Os contratos podem durar até 35 anos e preveem pagamentos ao poder público sobre a produção em metros cúbicos, sendo o total arrecadado pelos governos dividido entre entidades como o ICMBio e o Fundo Nacional de Desenvolvimento Florestal. Mesmo com as taxas, as concessões são vantajosas para o empresário. “Ao comparar o manejo florestal no sistema de concessão e o manejo em áreas privadas, o preço do produto final é o mesmo”, afirma Tamanho.

Se a solução não é nova, por que o problema persiste? O Brasil tem cerca de 1,5 milhão de hectares de florestas sob concessão, o equivalente a menos de 3% do potencial nacional. Segundo análises do Imaflora, até 25 milhões de hectares de concessões poderiam suprir 100% da produção de madeira atual, sem a necessidade de migrar para outras áreas. Calcula-se que, somando florestas nacionais e estaduais e áreas ainda sem destinação, mas passíveis de concessão, haja entre 50 milhões e 60 milhões de hectares disponíveis para manejo. Se o potencial é enorme, as dificuldades têm se mostrado ainda maiores.
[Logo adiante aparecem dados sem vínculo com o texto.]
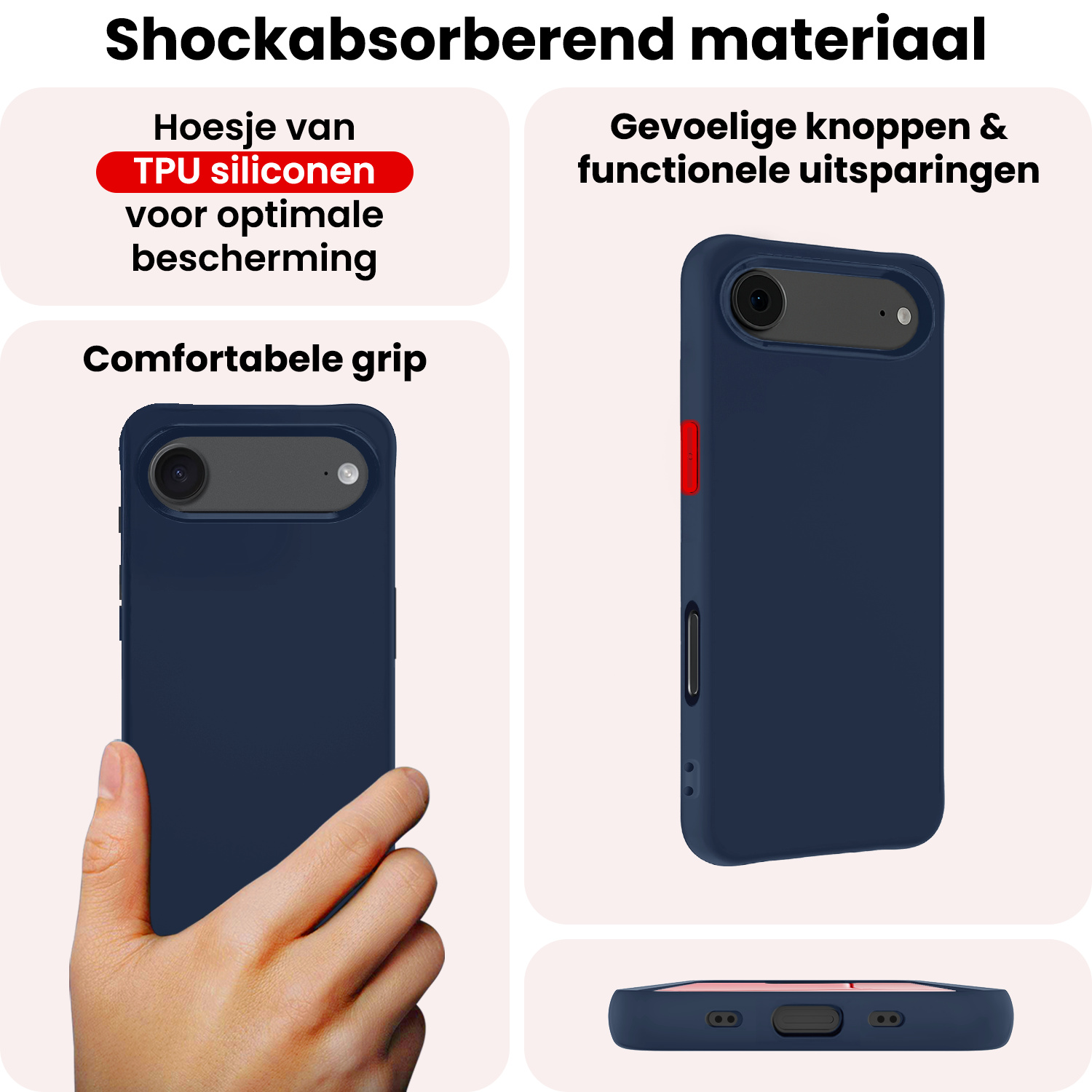 NoXx NoXx iPhone Air Hoesje Siliconen - Donkerblauw - 2 PACK
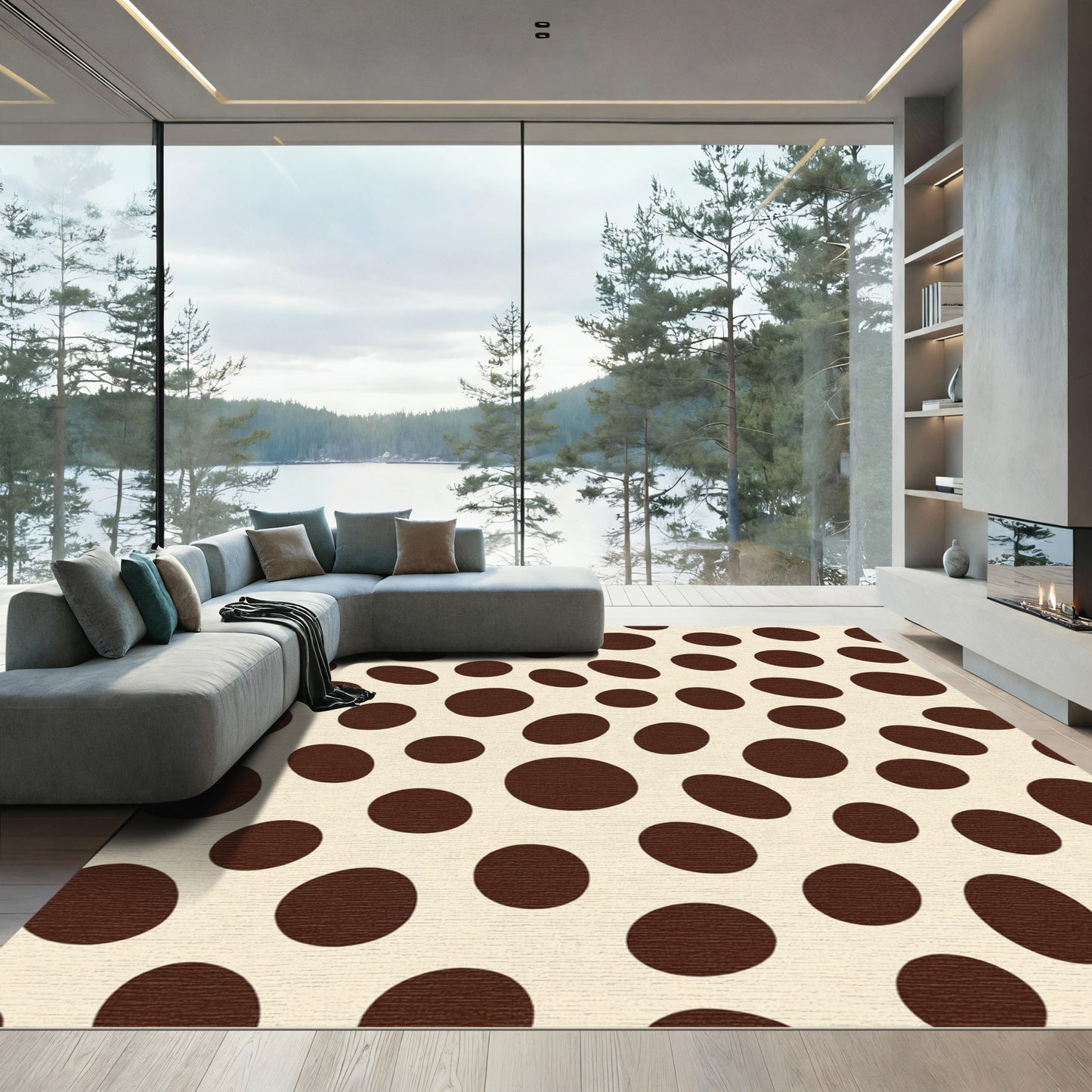 Brown Circles On Cream Background Rug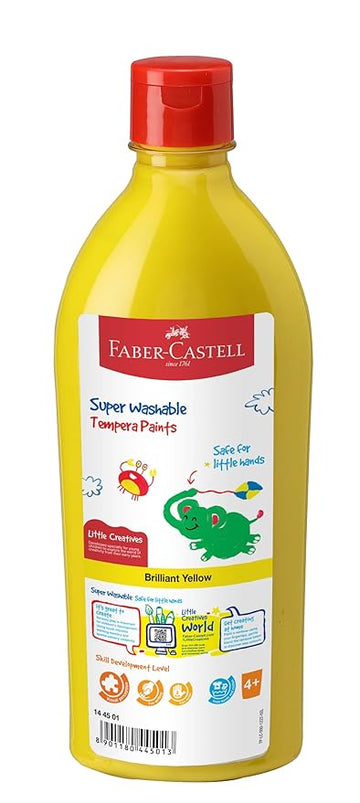 Faber-Castell Tempera Fun Paints Bottle Yellow, 144501, Ready Mix Tempera, 0.5 Liters (Pack of 2)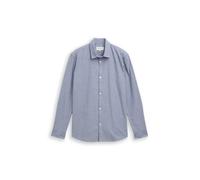 Langarmhemd TOM TAILOR DENIM, Herren, Gr. S, N-Gr, night blau weiß chambray, Single Jersey, Obermaterial: 100% Baumwolle, unifarben, regular fit normal, ohne Ausschnitt, 2-Knopf-Manschette krempelbar,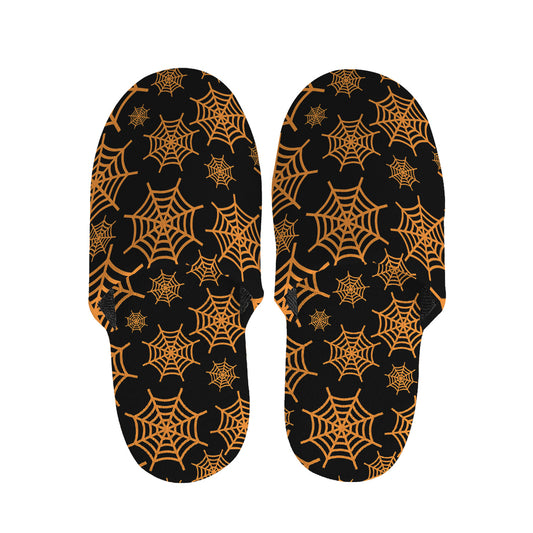 Black And Orange Spider Web Print Slippers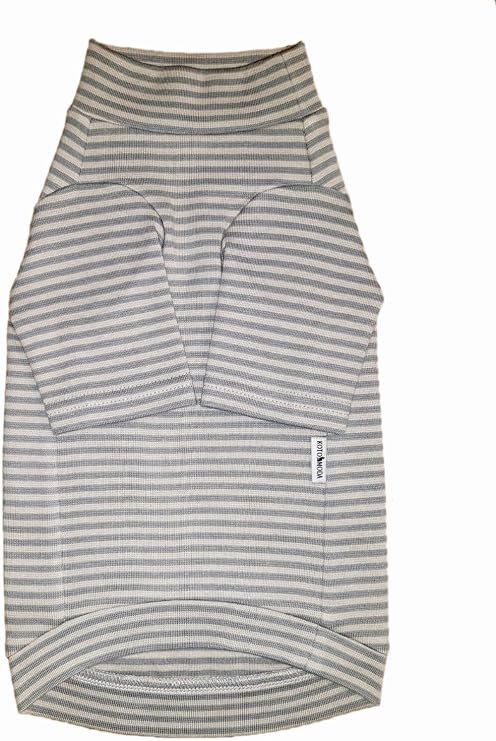 Cat's Warm Sweater with Long Sleeves and Grey Light Stripes (L)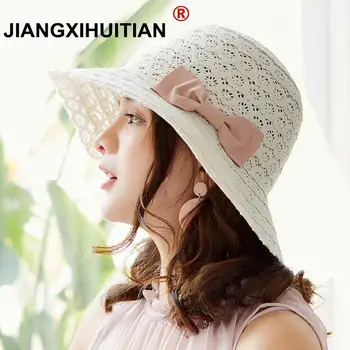 jiangxihuitian 2018 חדש בקיץ כובעים לנשים עיצוב אופנה נשים קשת חוף השמש כובע מתקפל שוליים כובע קש
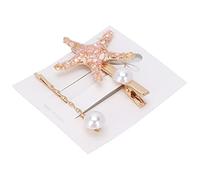 LMHHMIN 2 Pezzi Clip di Stelle Marine di False Perle Set Frangetta Laterale Copricapo Accessori per Capelli Mollette per Ragazze Donne (Rosato chiaro)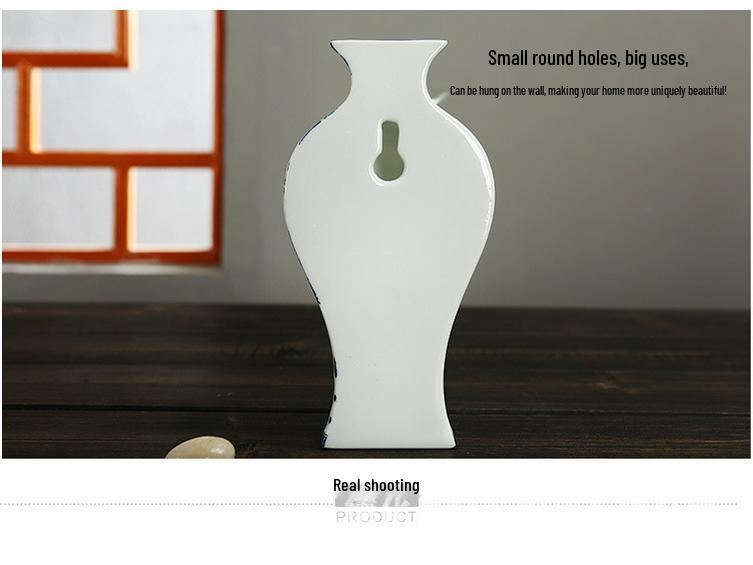 Mini Celadon Blue & White Porcelain Wall Vase: Small Hydroponic Flower Holder Ornament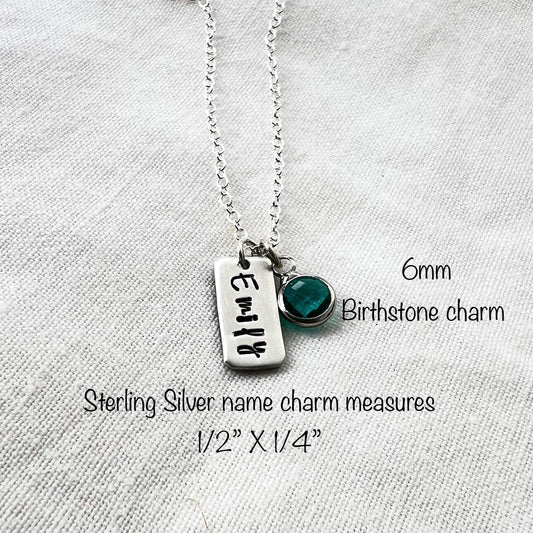 Sterling Silver Name Tag Necklace with Birthstone | Personalized Bar Necklace | Custom Name Jewelry | Gift for Her | Minimalist Necklace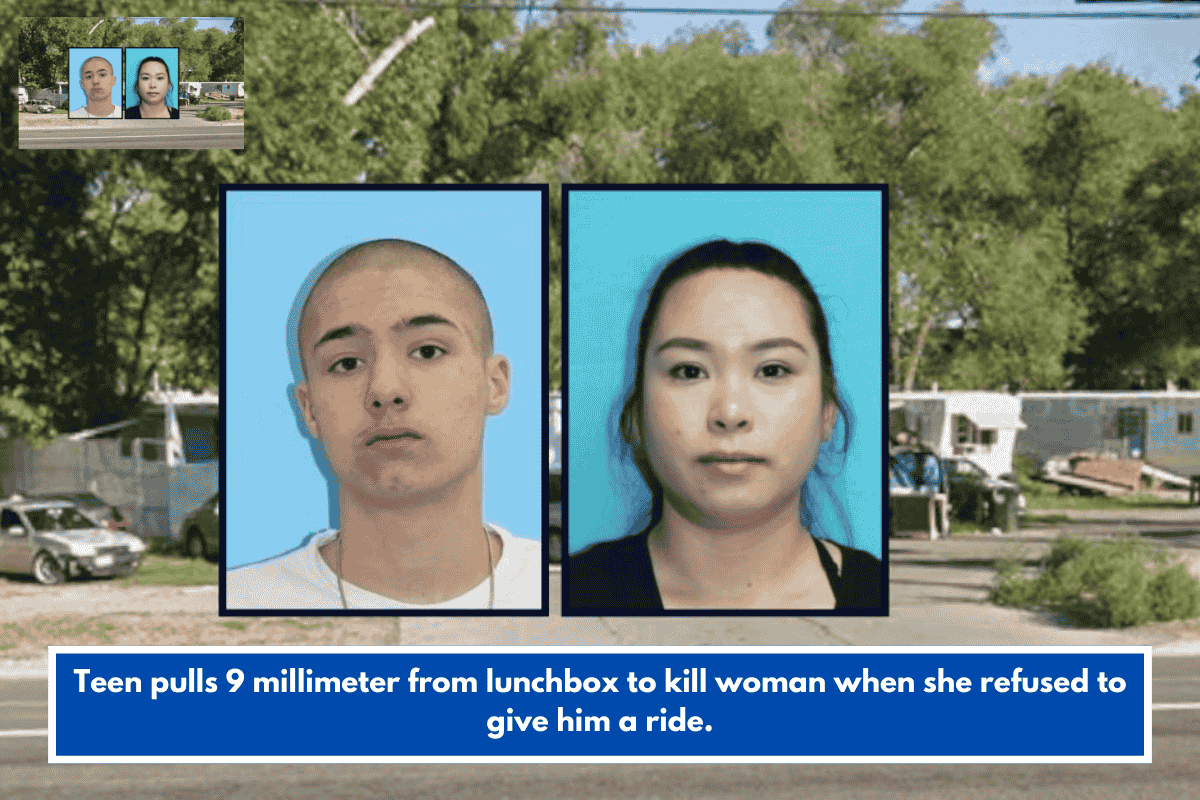 Teen pulls 9 millimeter from lunchbox to kill woman when she refused to give him a ride.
Um dos empecilhos é a própria lei que trouxe apoio jurídico para o modelo de gestão, mas estabelece ritos complicados. “Hoje, o processo de licitação tem três fases, sendo a última a análise financeira”, diz José Humberto Chaves, diretor substituto de concessão florestal e monitoramento do Serviço Florestal Brasileiro. “Uma simples inversão dessas etapas, colocando a parte financeira no início, reduziria o número de concorrentes aventureiros.” A cessão de áreas federais também pode depender de interações complexas com governos estaduais, caso de uma floresta nacional no Amapá cujo acesso depende da abertura de estradas na região.

Há também o entrave da definição da função de áreas sem destinação, que é responsabilidade da Secretaria de Patrimônio da União. “Esperamos agilizar a oferta dessas áreas”, afirma Chaves. “Na medida em que damos valor à floresta por meio do manejo, conseguimos mantê-la de pé e ainda fazemos rodar a economia local.” Um bom negócio para todos: meio ambiente e comunidades.